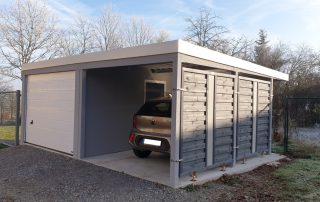 Einzel-Garage aus Stahl mit Sektionaltor + Anbau-Carport rechts daneben - BRANDL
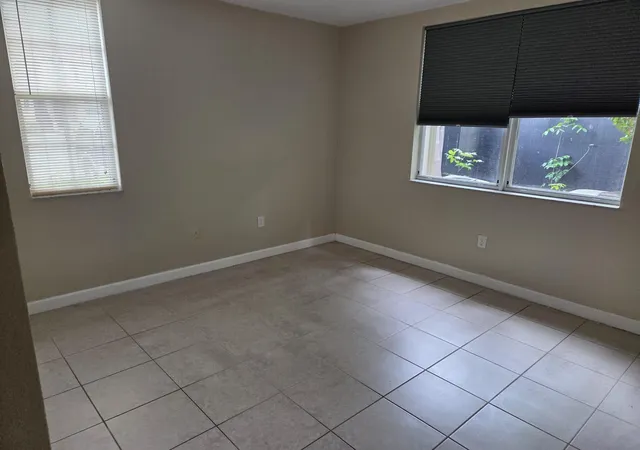 5th image of 1575 Ne 33 Ave #101, Homestead, FL 33033 | MLS# B26055456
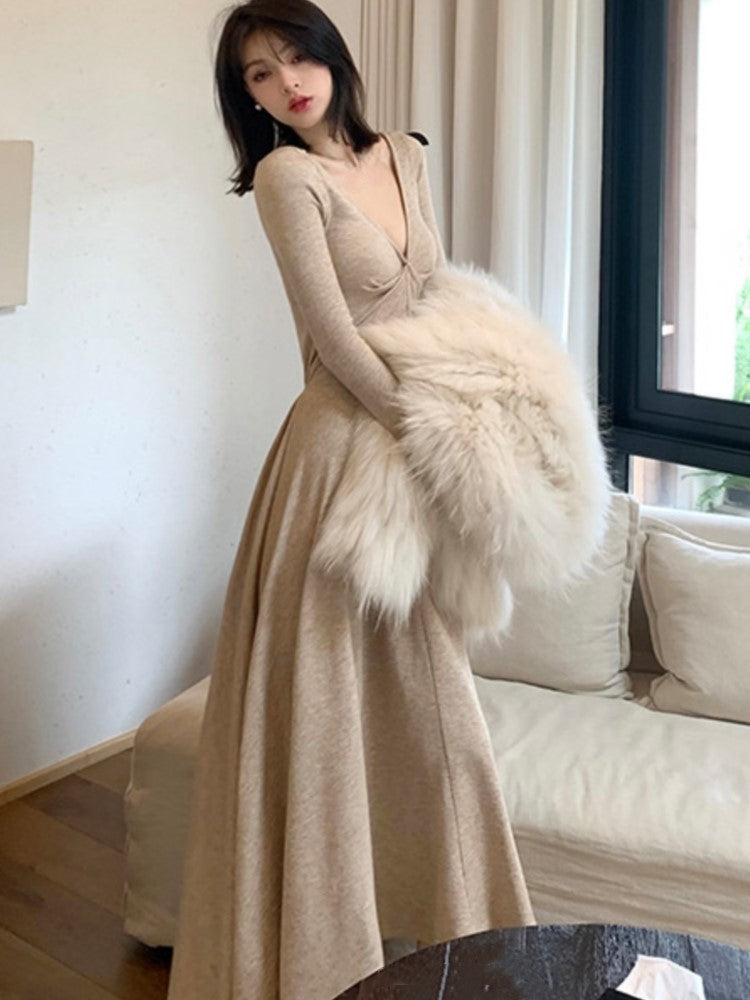 Sophisticated Dress with a Clean Classic Look
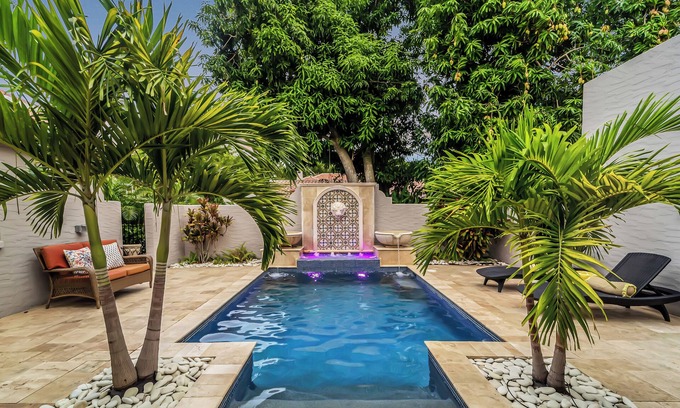 North Trail Casa | Pool Courtyard, patio w/ fire pit, 2 mls downtown
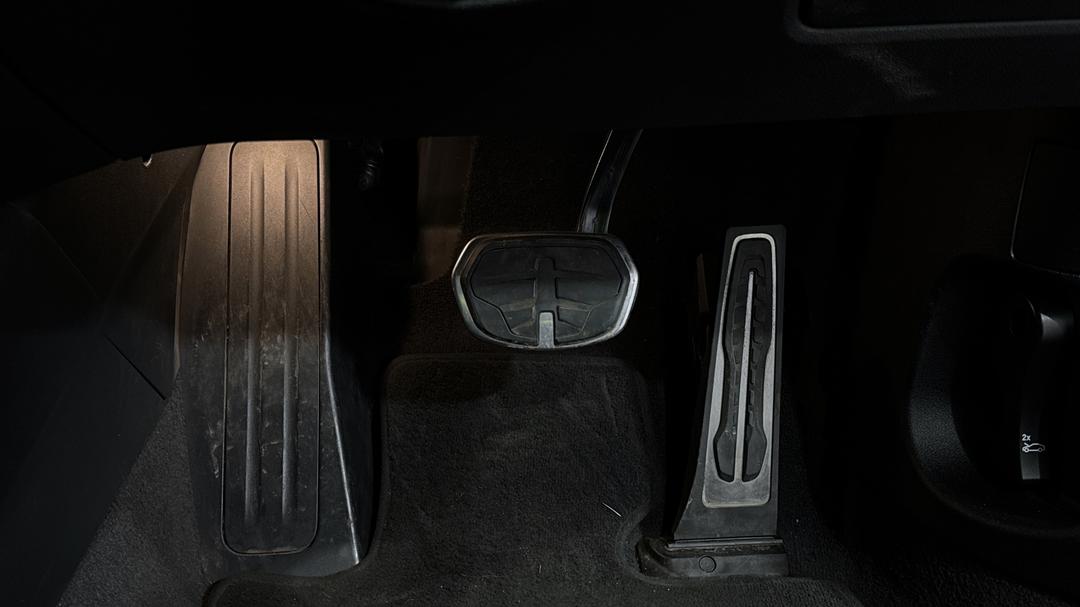 2022 BMW 1 M135i xDrive, Automatic, 48343 km, Pedals and Footmat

[EXERCISE] Nothing but the text of the listing should be set down, exactly, with the pictures left behind.

[EXERCISE SOLUTION]
 Einzel-Garage aus Stahl mit Sektionaltor + Anbau-Carport rechts daneben - BRANDL
 5th image of 1575 Ne 33 Ave #101, Homestead, FL 33033 | MLS# B26055456
 Sophisticated Dress with a Clean Classic Look
 North Trail Casa | Pool Courtyard, patio w/ fire pit, 2 mls downtown
 2022 BMW 1 M135i xDrive, Automatic, 48343 km, Pedals and Footmat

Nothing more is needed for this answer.